This has become necessary since the introduction of
commit "9dfc685e0262d ("inet: remove races in inet{6}_getname()")
The socket is already locked in the context that
"kernel_getpeername" used to get called by either
rds_tcp_recv_path" or "tcp_v{4,6}_rcv",
and therefore causing a deadlock.
Luckily, the fan-out need not happen in-context nor fast,
so we can easily just do the same in a background worker.
Also, while we're doing this, we get rid of the unused
struct members "t_conn_w", "t_send_w", "t_down_w" & "t_recv_w".
Reported-by: syzbot+ci858e84e8400d24b3@syzkaller.appspotmail.com
Link: https://ci.syzbot.org/series/1a5ef180-c02c-401d-9df7-670b18570a55
Signed-off-by: Gerd Rausch <gerd.rausch@oracle.com>
Signed-off-by: Allison Henderson <achender@kernel.org>
---
net/rds/tcp.c | 3 +++
net/rds/tcp.h | 7 ++----
net/rds/tcp_connect.c | 2 ++
net/rds/tcp_listen.c | 54 +++++++++++++++++++++++++++++++------------
4 files changed, 46 insertions(+), 20 deletions(-)
diff --git a/net/rds/tcp.c b/net/rds/tcp.c
index 45484a93d75f..02f8f928c20b 100644
--- a/net/rds/tcp.c
+++ b/net/rds/tcp.c
@@ -358,6 +358,8 @@ static void rds_tcp_conn_free(void *arg)

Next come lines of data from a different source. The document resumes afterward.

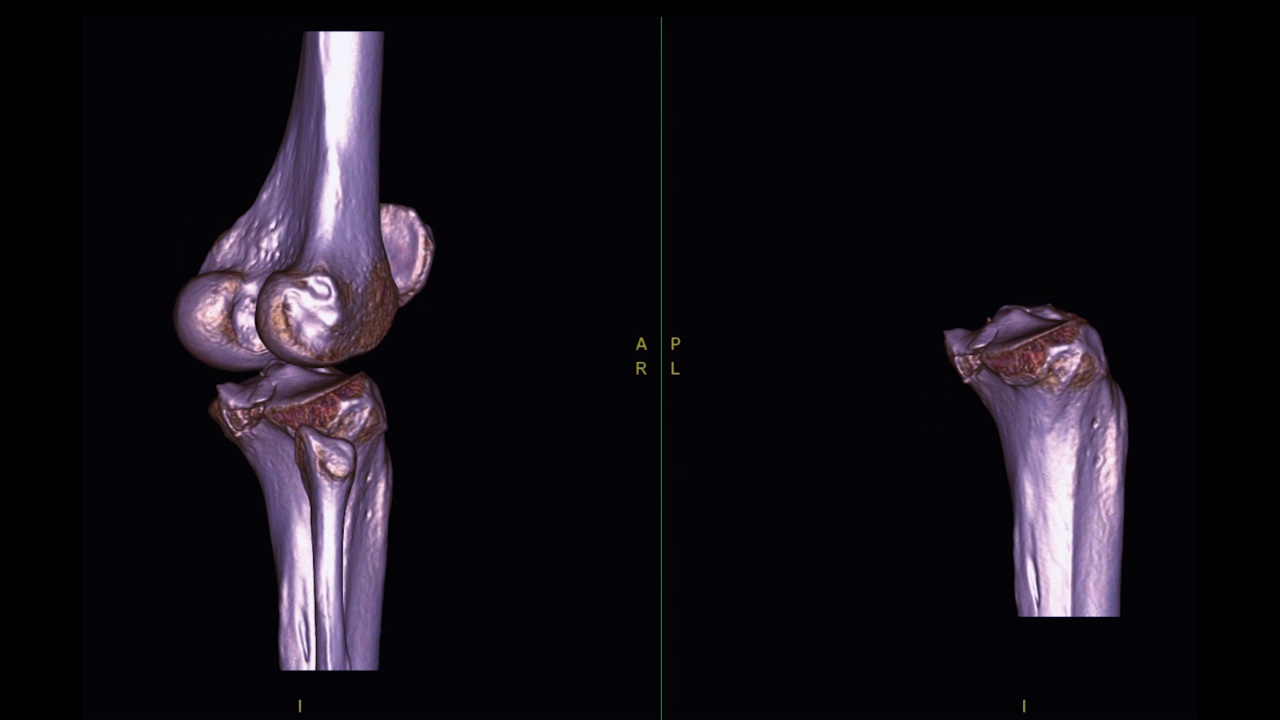 膝关节CT扫描三维绘制。视频素材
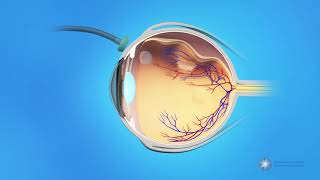 Vitrectomy Surgery for Detached Retina [upl. by Locke759]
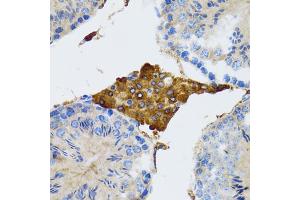 Immunohistochemistry of paraffin-embedded rat testis using PGRMC1 antibody (ABIN1876820) at dilution of 1:100 (40x lens). (PGRMC1 抗体)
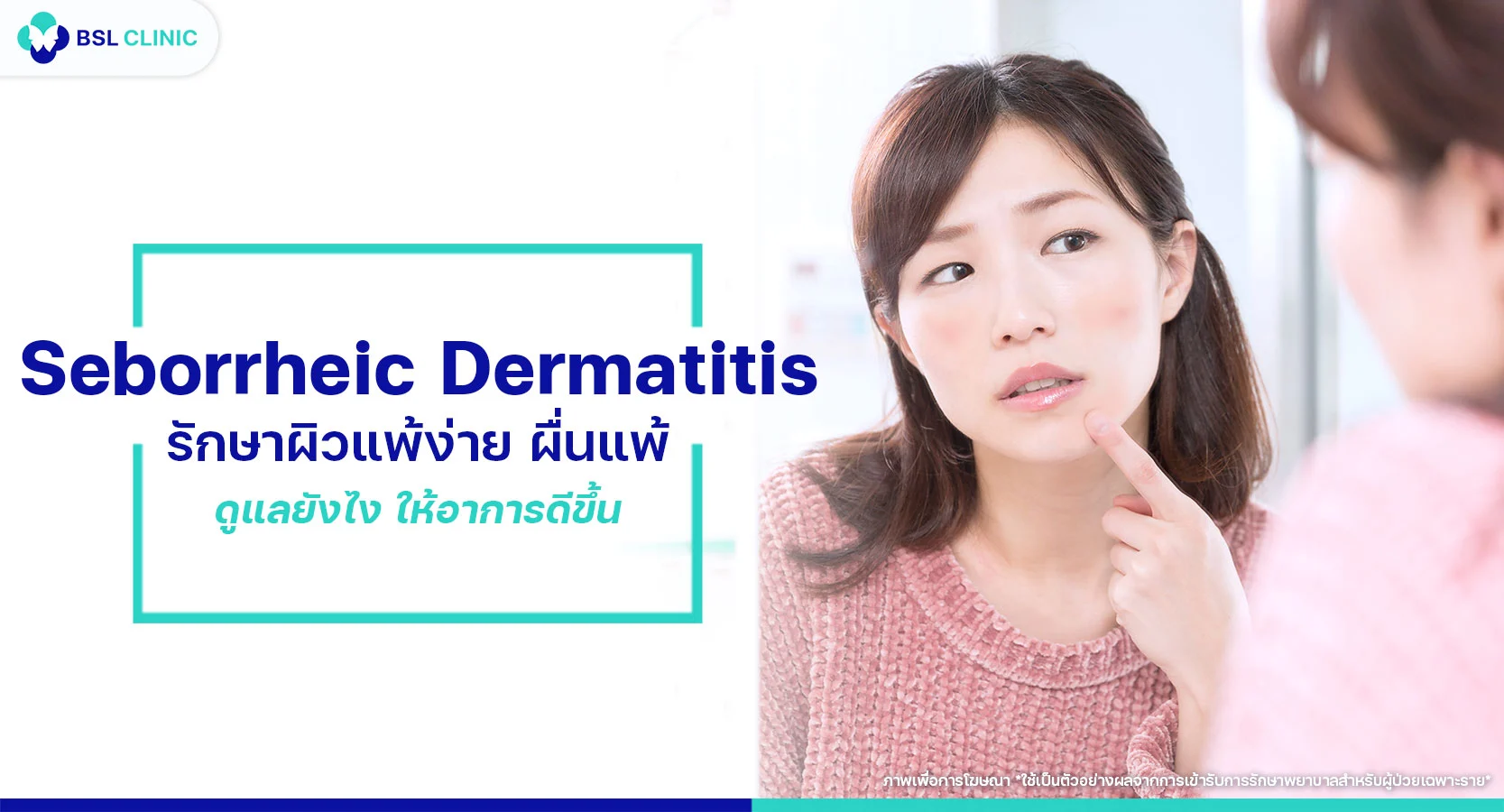 รักษาผิวแพ้ง่าย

rdsdebug("freeing tc %p\n", tc);
+ cancel_work_sync(&tc->t_fan_out_w);
+
spin_lock_irqsave(&rds_tcp_conn_lock, flags);
if (!tc->t_tcp_node_detached)
list_del(&tc->t_tcp_node);
@@ -384,6 +386,7 @@ static int rds_tcp_conn_alloc(struct rds_connection *conn, gfp_t gfp)
tc->t_tinc = NULL;
tc->t_tinc_hdr_rem = sizeof(struct rds_header);
tc->t_tinc_data_rem = 0;
+ INIT_WORK(&tc->t_fan_out_w, rds_tcp_fan_out_w);
init_waitqueue_head(&tc->t_recv_done_waitq);
conn->c_path[i].cp_transport_data = tc;
diff --git a/net/rds/tcp.h b/net/rds/tcp.h
index 39c86347188c..9ecb0b6b658a 100644
--- a/net/rds/tcp.h
+++ b/net/rds/tcp.h
@@ -44,11 +44,7 @@ struct rds_tcp_connection {
size_t t_tinc_hdr_rem;
size_t t_tinc_data_rem;
- /* XXX error report? */
- struct work_struct t_conn_w;
- struct work_struct t_send_w;
- struct work_struct t_down_w;
- struct work_struct t_recv_w;
+ struct work_struct t_fan_out_w;
/* for info exporting only */
struct list_head t_list_item;
@@ -90,6 +86,7 @@ void rds_tcp_state_change(struct sock *sk);
struct socket *rds_tcp_listen_init(struct net *net, bool isv6);
void rds_tcp_listen_stop(struct socket *sock, struct work_struct *acceptor);
void rds_tcp_listen_data_ready(struct sock *sk);
+void rds_tcp_fan_out_w(struct work_struct *work);
void rds_tcp_conn_slots_available(struct rds_connection *conn, bool fan_out);
int rds_tcp_accept_one(struct rds_tcp_net *rtn);
void rds_tcp_keepalive(struct socket *sock);
diff --git a/net/rds/tcp_connect.c b/net/rds/tcp_connect.c
index b77c88ffb199..6954b8c479f1 100644
--- a/net/rds/tcp_connect.c
+++ b/net/rds/tcp_connect.c
@@ -115,6 +115,8 @@ int rds_tcp_conn_path_connect(struct rds_conn_path *cp)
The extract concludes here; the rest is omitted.